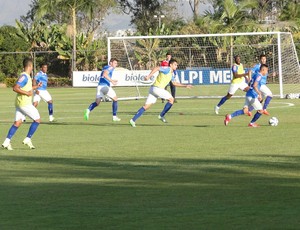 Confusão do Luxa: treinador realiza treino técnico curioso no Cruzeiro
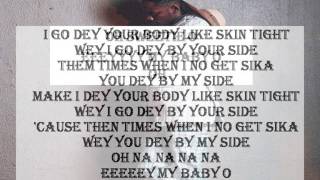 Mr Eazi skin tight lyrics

---

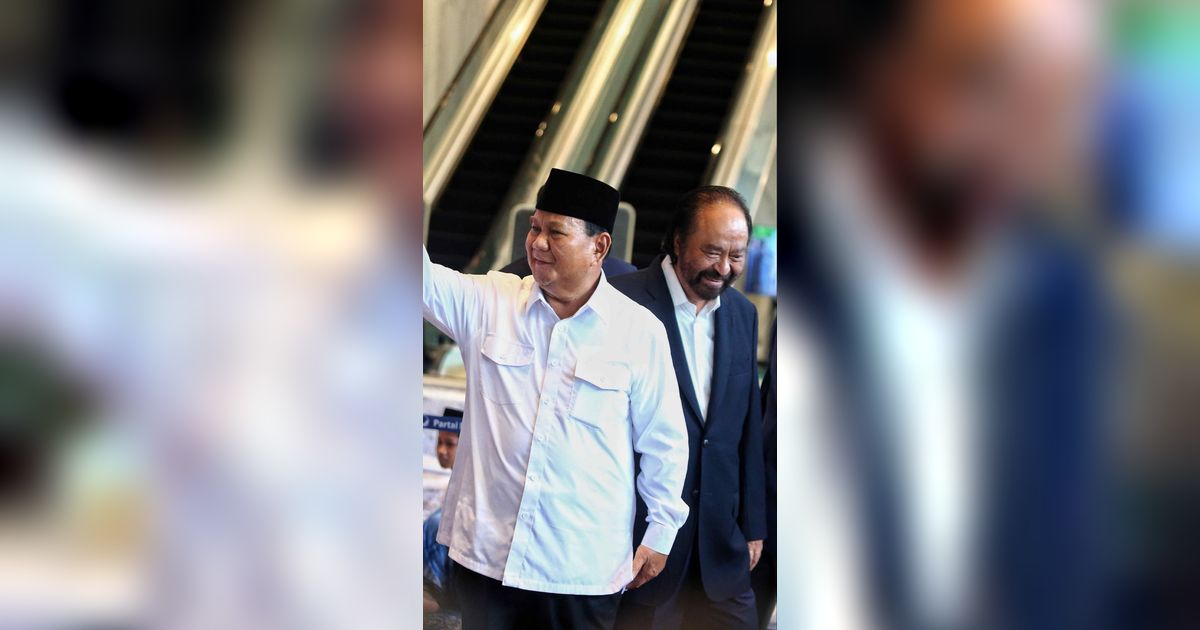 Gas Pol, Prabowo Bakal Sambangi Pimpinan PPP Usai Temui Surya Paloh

**Instructions to follow**: The copy should hold exactly the lines above from the one with "curioso no Cruzeiro" through the one with "Mr Eazi skin tight lyrics", both ends counted, and no pictures at all.

**Task solution**:
 Confusão do Luxa: treinador realiza treino técnico curioso no Cruzeiro
 Mr Eazi skin tight lyrics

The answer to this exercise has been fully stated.